• About this exercise: Go to the line with "Plafoniera Rise, TRIO, 70x66x8" in the entries below and write out every line from there through the line with "Imagem de IEUDNS", exactly and without pictures.

• Extracted data:
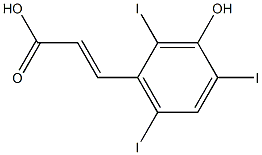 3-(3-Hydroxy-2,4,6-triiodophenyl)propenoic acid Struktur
---
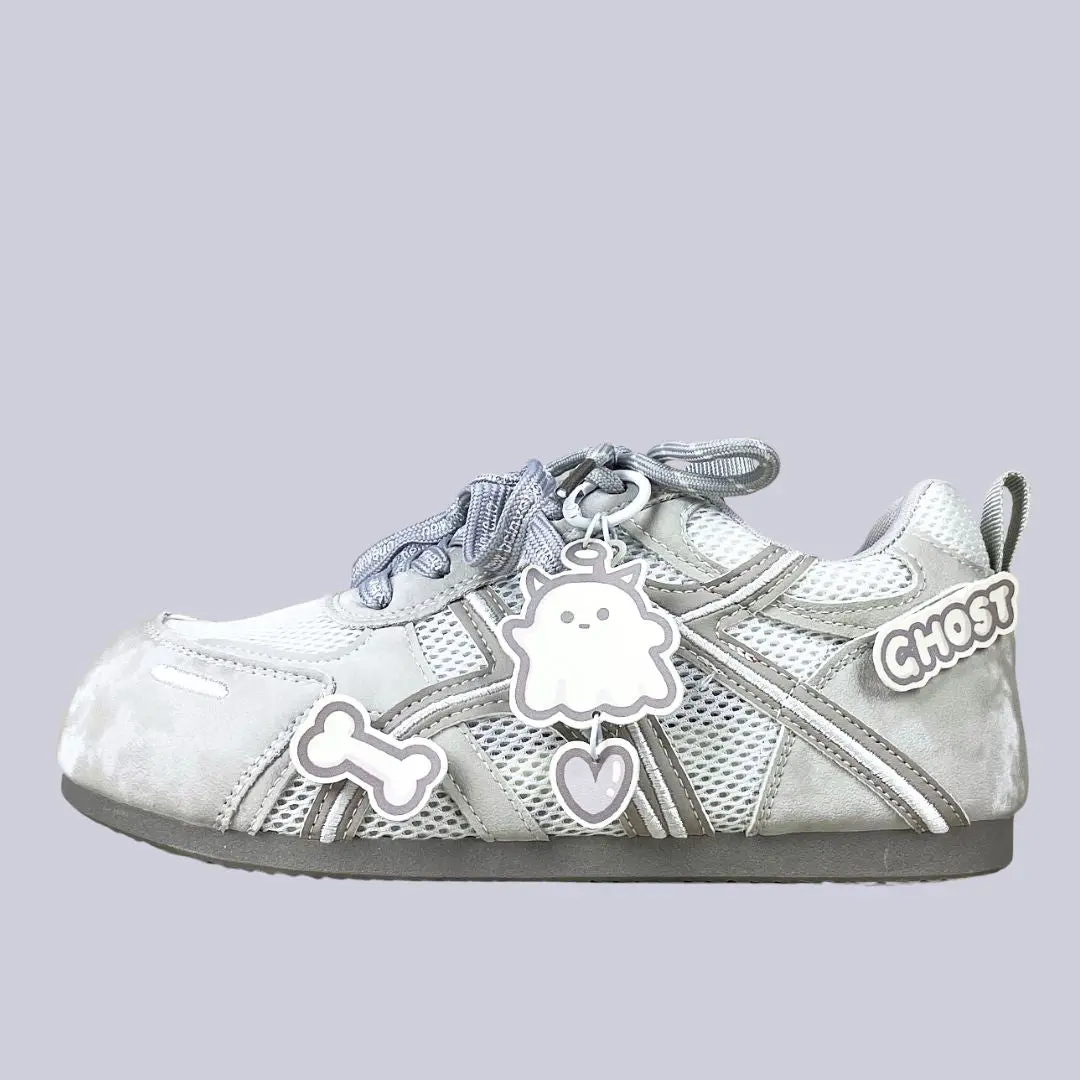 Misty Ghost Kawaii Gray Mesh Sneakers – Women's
==
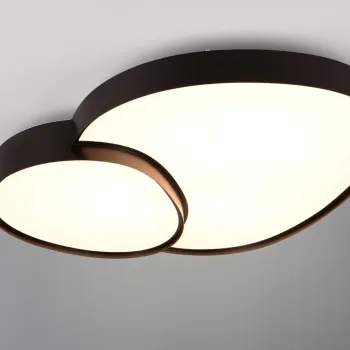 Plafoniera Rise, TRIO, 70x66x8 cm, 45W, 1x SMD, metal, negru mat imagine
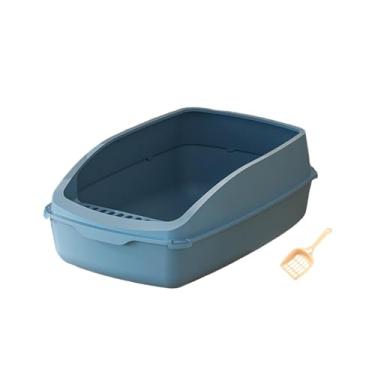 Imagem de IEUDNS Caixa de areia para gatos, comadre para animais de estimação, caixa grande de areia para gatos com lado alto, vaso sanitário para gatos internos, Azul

• Answer space:
 Plafoniera Rise, TRIO, 70x66x8 cm, 45W, 1x SMD, metal, negru mat imagine
 Imagem de IEUDNS Caixa de areia para gatos, comadre para animais de estimação, caixa grande de areia para gatos com lado alto, vaso sanitário para gatos internos, Azul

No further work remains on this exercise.